Да, есть крайности в ювенальной юстиции, хотя нам ли опасаться ее, зная в каком плачевном состоянии находится наша семья. Да, недопустимы популяризация и допущение однополых союзов и их государственная регистрация. Но с моей точки зрения, выходящие на Западе журналы «Плейбой» и «Максим» развращают молодежь меньше, чем жизнь в общежитиях и коммуналках, где в советское время дети видели совокупляющихся родителей.
Мы говорим, что на Западе общество потребления, но такой тяги к деньгам, такой корысти, как в нашем обществе, на Западе нет. И это понятно – потому что у нас общество завистливых бедняков. Такими нас воспитывали семьдесят лет. Как мне кажется, у Запада надо многому учиться, но это не значит, что воспринимать надо все.
— Приходя в храм человек, в первую очередь сталкивается с т.н. бабульками, которые начинают советовать, как стоять, как ходить. Получается, что они и есть главные в храмах.
— Что такое современные бабульки в храмах? Это комсомолки шестидесятых-семидесятых годов. Эпоха патриархально-церковных старушек уже давно прошла. Мы сталкиваемся в храмах с людьми, у которых советский менталитет. Они пришли в храм от одиночества, ожесточенности. Они ничего не знают, но уже готовы учить. Они не готовы проявлять терпимость и доброжелательность, а наоборот – грубы и не добры, бывает и такое.
— У многих вызывает озабоченность клерикализации общественной жизни. Ощущение, что скоро священники будут всюду – в школах, армии, телевидении, СМИ…
— Мы живем в эпоху, когда значительная часть людей имитирует какую-то деятельность, не делая ничего. Обратите внимание, какое количество людей сегодня работает в охране. Что это за работа?
Вот вы сказали про деятельность церкви в армии. Это чисто пропагандистская акция. Ни офицерскому составу, ни рядовому составу в большинстве случаев священник не нужен.
— На одной из авиабаз в Северо-Западном округе есть плакат «Молитва летчика перед полетом».
— Я прослужил три года на флоте и знаю, как легко организовать для военнослужащих любое мероприятие. Политруков сейчас нет, но заменять их кем-то надо.
Среди молодежи людей с религиозными запросами очень немного. Более того, в нашу армию попадают люди, в основном, из неблагополучных семей, менее образованные и социально-отсталых. А среди низового уровня молодежи религиозность еще меньше распространена. Так что, это все кампанейщина, имитация участия при полном отсутствии подлинного участия.

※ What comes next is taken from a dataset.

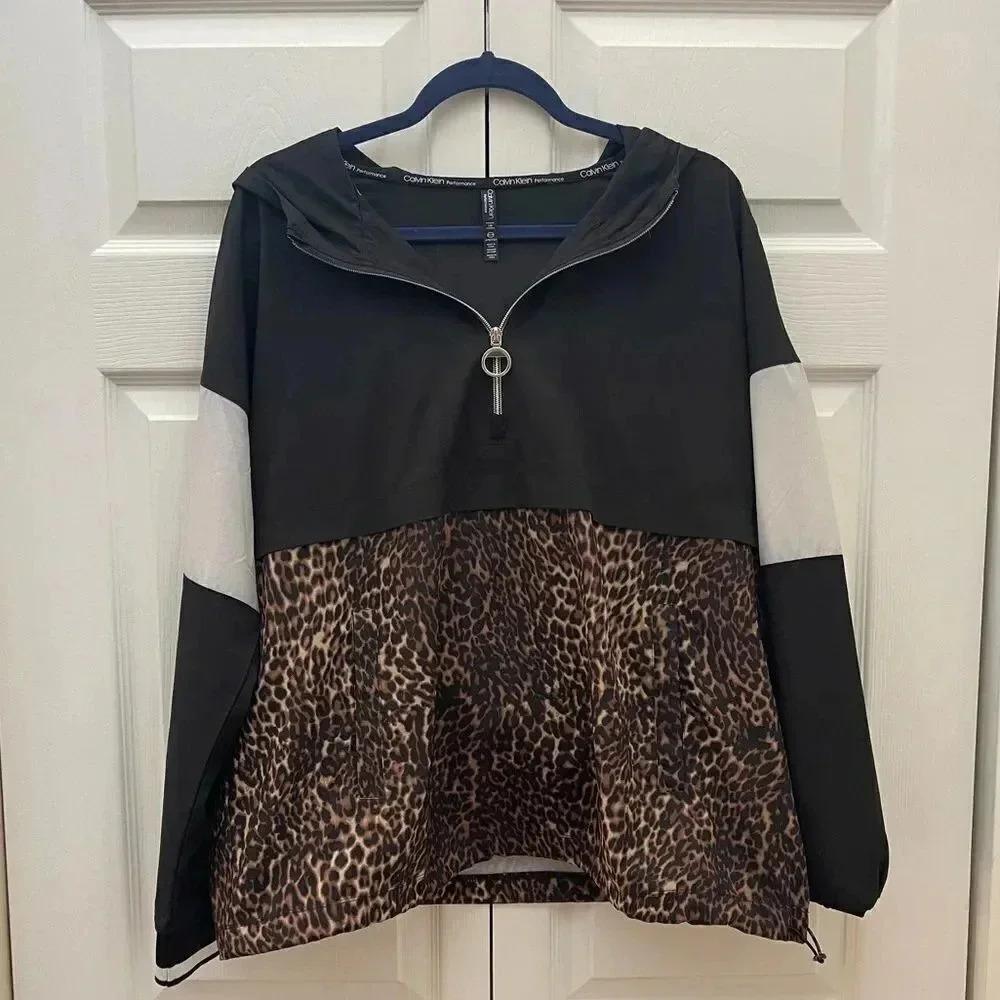 Nwot Leopard Print Pulloverjacket - image 4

— В некоторых храмах появилась т.н. казачья охрана, говорят, что в России церкви всегда охранялись казаками – и это возрождение традиции.
— Это полная ерунда. Я вообще не считаю их казаками. Это ряженые. Казак – это воин-земледелец. А эти люди маргиналы и до революции не входили бы в казачье сословие в силу образа своей жизни и деятельности.
Тут опять имитация, на этот раз имитация приобщенности к исторической традиции. Казачество – это сословие, которое почти полностью было уничтожено и сейчас невосстановимо, и имитировать его существование просто кощунство.
— Не могу понять: вы высказываете критические, и даже резкие замечании в адрес РПЦ, но все равно остаетесь в ней.
— Церковь не КПСС. Я не маргинал в церкви, занимаю определенные должности, преподаю в академии. Это позволяет мне высказывать свои взгляды в аудиториях, церковных учреждениях, и хотя у меня находятся оппоненты, у меня есть и единомышленники.
Патриарх Кирилл, будучи жестким администратором, отдает себе отчет в том, что если в церкви будет единомыслие и единогласие, то она начнет просто загнивать.
Самые яростные нападки несогласных со мной, я встречаю в церковной среде. Например, у меня диаметрально противоположные взгляды в отличие от заведующего церковно-исторической кафедрой Московской духовной академии по многим вопросам. Плюрализм в церкви существует, и это нормально. У нас ведутся дискуссии, и это связано с тем, что мы по-разному видим будущее церкви.